The development of high performance photocatalysts (PCs) can be considered an efficient strategy to alleviate the growing global concern over environmental water pollution. In particular, metal halide perovskites (MHPs) have been proposed as suitable materials for removing various contaminants. However, there is still a lack of criteria regarding the type of dyes that can be efficiently degraded by MHPs and their degradation pathways. In this study, we applied a reprecipitation approach for obtaining CsPbBr₃ materials using three different polar solvents for crystallization: ethyl acetate (EA), iso-propanol (IPA), and acetone (ACE). A comprehensive morphological, structural, and optical characterization of the three resulting CsPbBr₃ samples, namely, EA-CsPbBr₃, IPA-CsPbBr₃, and ACE-CsPbBr₃, was performed. In the prototypical methylene blue photodegradation under visible-light irradiation (λ > 420 nm), EA-CsPbBr₃ demonstrates the best performance among the three PCs, primarily due to the largest surface area and smallest particle size.
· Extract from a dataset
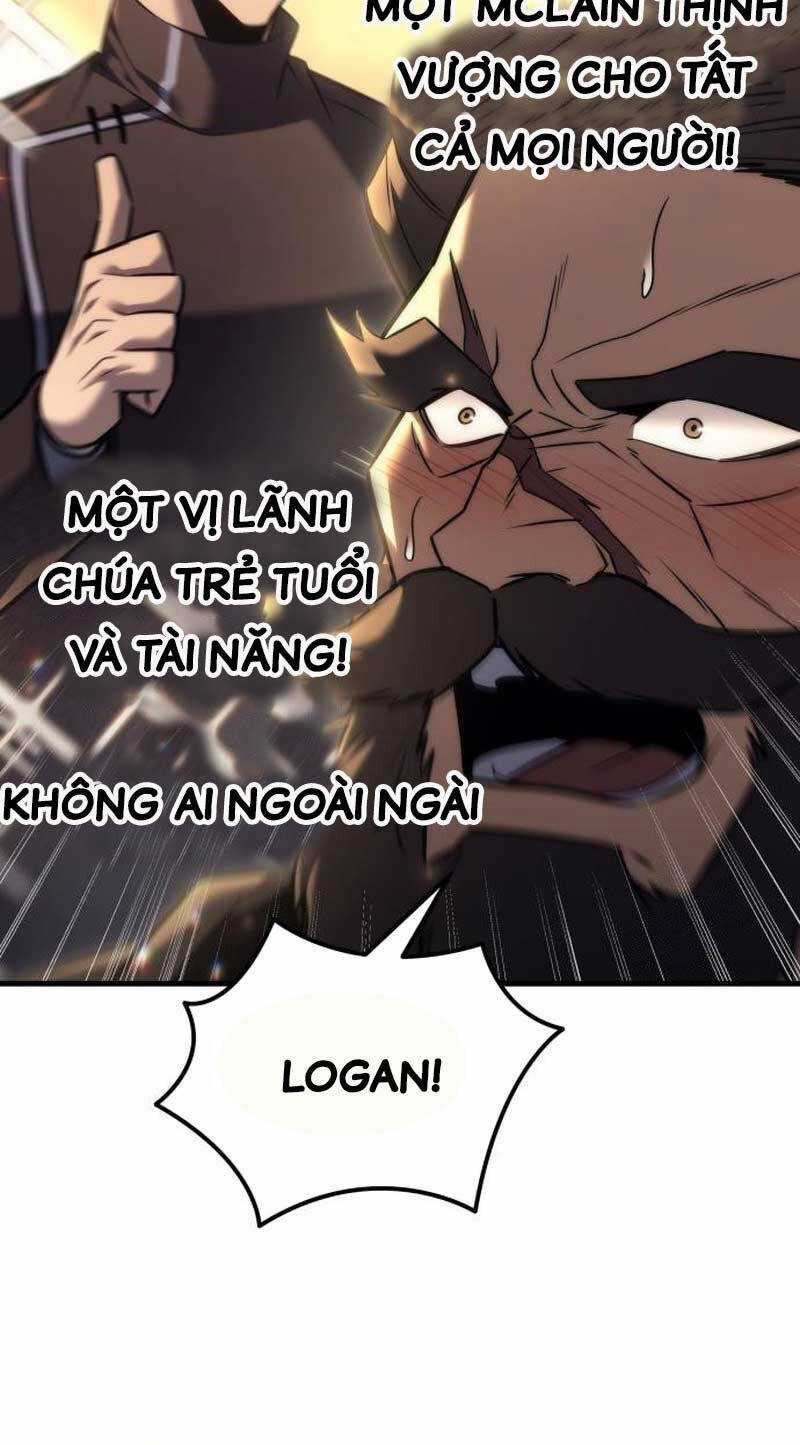 Hồi Quy Giả Của Gia Tộc Suy Vong Chapter 37 trang 47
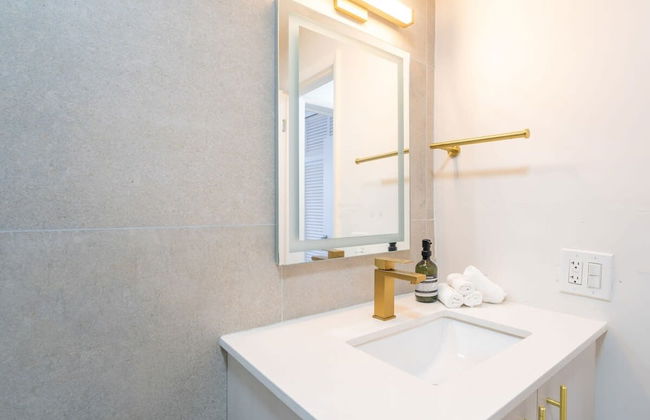 ONE Bedroom Apartment - Foto 50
This highlights the role of the crystallization solvent in the morphological control of the corresponding PCs. The EA-CsPbBr₃ material was systematically employed in the photodegradation of different xanthene-based dyes, resulting in extremely efficient decomposition of environmentally persistent halogen-containing dyes (eosin B, erythrosin B, and rose Bengal). In these cases, the pseudo-first order reaction rate constants (k = 0.33094–0.62243 min⁻¹) are one order of magnitude higher than those recorded for the degradation of halogen-free rhodamine B (k = 0.05230 min⁻¹) and methylene blue (k = 0.02098 min⁻¹). The investigations on the photo-degradation mechanism of eosin B demonstrate the key role of photo-injected electrons into the dye, activating the C–X bonds and the consequent radical decomposition pathways. Furthermore, we observe that the degradation kinetics remain unaltered at least five times using the recovered PC of each cycle. Therefore, this study not only consolidates the potential of CsPbBr₃ materials in the dye removal but also provides new insights into the impact of synthetic methods on their photocatalytic activity and degradation pathways.